Bicycle: The Apex of Energy Efficiency

Cycling is the most energy-efficient form of transport ever used by humans, requiring between one third to one half of the energy required for walking the same distance. 

Which transport is the fairest of them all? – The Conversation 

The book Bicycling Science (published by MIT press) shows that in ideal conditions (mild temperature, low air drag, high performance bicycle and low-weight rider), a cyclist can ride over 550km using the amount of energy contained in one liter of gasoline. Using a more conservative calculation based on average conditions, the website Wikiwand shows that a cyclist can ride approximately 312km using the amount of energy contained in one liter of gasoline.

This is a limited analysis, restricted to the actual travel time.

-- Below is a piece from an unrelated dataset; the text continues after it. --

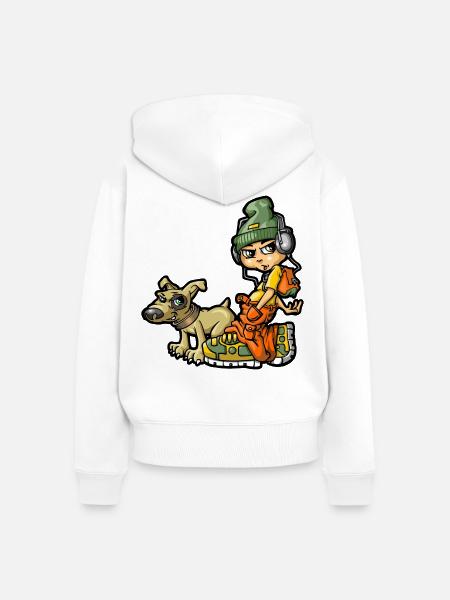 bboy und sein Hund - Frauen Premium Bio Zip Hoodie - Weiß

A more holistic approach would also consider the amount of energy required to produce the fuel (food or gasoline) and the vehicle (car, bicycle) which are necessary conditions for the travel to be possible in the first place. That would increase the energy efficiency gap significantly.

Energy is a defining aspect of human civilization. What we can accomplish is bounded by how much energy we have available. 

Yet, energy efficiency is only part of the answer to address our energy challenge. No matter how efficient we are, with an ever increasing demand there will be a limit to energy availability. There is an additional catch when energy efficiency is the only and ultimate goal. According to the Jevons paradox, increasing efficiency increases consumption since the cost tends to be lower due to higher efficiency. will bring us faster to the breaking point.

Even some renewables have a limit to ever-growing demand. It is crucial to prioritize choices that create a real reduction in energy use and use reliable and readily available renewable sources.

As we saw above. Cycling requires only 3-5% of the energy used for cars and it is human powered. A renewable energy that will be available as long as we exist and requires no additional infrastructure to be produced.

We are about to enter a new era in which, each year, less net energy will be available to humankind, regardless of our efforts or choices. The only significant choice we will have will be how we adjust to this new regime. That choice – not whether, but how to reduce energy usage and make a transition to renewable alternatives – will have profound ethical and political ramifications.